Je suis un sportif, je remets mon titre d’écrivain poids plume en jeu à chaque projet.
(11/10/2000)

Dans l’urgence, quand l’histoire se tarit d’elle même, à chaque fois le miracle s’accomplit : une idée et 10 pages de plus, l’instinct de survie de l’écrivain.
(11/10/2000)

 Le plus beau souvenir de Central : après quelques mois d’attente, de correction, d’incertitude, voir devant moi, totalement par hasard, arrivée d’un camion dans la cours de l’éditeur, une palette de mon bouquin. La chose merveilleuse, mécanisée, bois du socle, transpalette, arrimage sous plastique, le manutentionnaire, le machin relié sous film transparent en pile de dix exemplaires avec mon nom comme échappé du cerveau, le livre enfin avec tout ce qu’il représente comme force d’objet.
(04/10/2000)

Le mot : C’est une matière fuyante. Une sorte de " truite affolée ". Il glisse sur la pierre. On arrivera jamais à le cerner. (Marie Laforêt)
(04/10/2000)

Longtemps je me suis demandé si l’absence de sujet était justifiée dans Central.
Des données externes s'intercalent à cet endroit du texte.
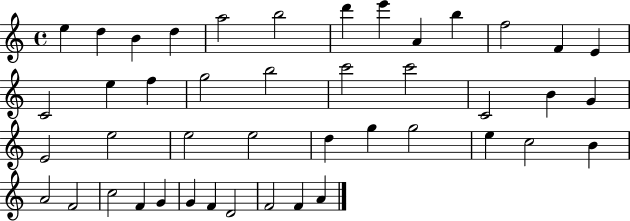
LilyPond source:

Et puis, j’ai lu J6M.com (Jean-Marie Messier Moi-Même Maître du Monde) et j’ai compris que je partageais ce problème du sujet avec le PDG de Vivendi : à mes phrases triviales et sans sujet, il répond par une subtile musique qui fait " Moi-je, moi-je " tous les trois mots.
(27/09/2000)

J’ai peur : que mon nouveau manuscrit n’ait pas assez de pages pour être un roman, qu’il ne plaise à mon éditeur. Il faut la peur pour écrire.
(27/09/2000)

Par moment, quand on écrit soi-même, c’est beau tellement qu’on se sent nul, bête, idiot envers les autres, encombré d’une littérature inutile, on aimerait rentrer dans un trou de souris, on comprend l’expression " avoir droit au chapitre ". (Cette phrase réversible est également dans notes de lecture)
(20/09/2000)

" Appelez moi Dieu ! " Ce pourrait être mon proverbe. Le double sens me plait : je veux qu’on m’aime, que je sois le plus important sur la terre, en même temps, c’est aussi une injonction envers ce mystère nommé élan, mouvement de toutes choses, comme vivre chaque jour, prendre l’écriture. Appelez moi n’importe qui, pourvu qu’il me vienne en aide, on l’appelera Dieu.
(19/09/00)

Parfois, on n'écrit pas, par manque de temps souvent. Pas moyen de trouver un seul instant dans la journée. Parfois, la chose se reproduit plusieurs jours. On s'énerve, on entre dans un état d'hébétude. On ne sait plus lire, non plus, les lettres fuient. Saurons-nous encore écrire ?
(17/09/2000)

On écrit, on écrit, et que dire là-dessus ? J'ai devant moi, une feuille avec un gribouillis, des ronds, des cercles avec écrits dedans des mots comme Télé-achat, standardiste, bonbon à Nicolas, flic, inspecteur, Marie-Claude, chat, chien, soupirail, enfant Kévin, Voisin, sa femme, salade, présidente. C'est un projet de bouquin, pour moi, cela veut dire quelque chose. Cela ne veut surtout pas dire que ce bouquin verra le jour. Il est trop tôt, il faut que les pages s'écrivent jour après jour, que les idées deviennent obsédantes jusqu'à oublier l'endroit où on a garé la voiture, qu'on se dise un beau jour qu'on a basculé et on termine.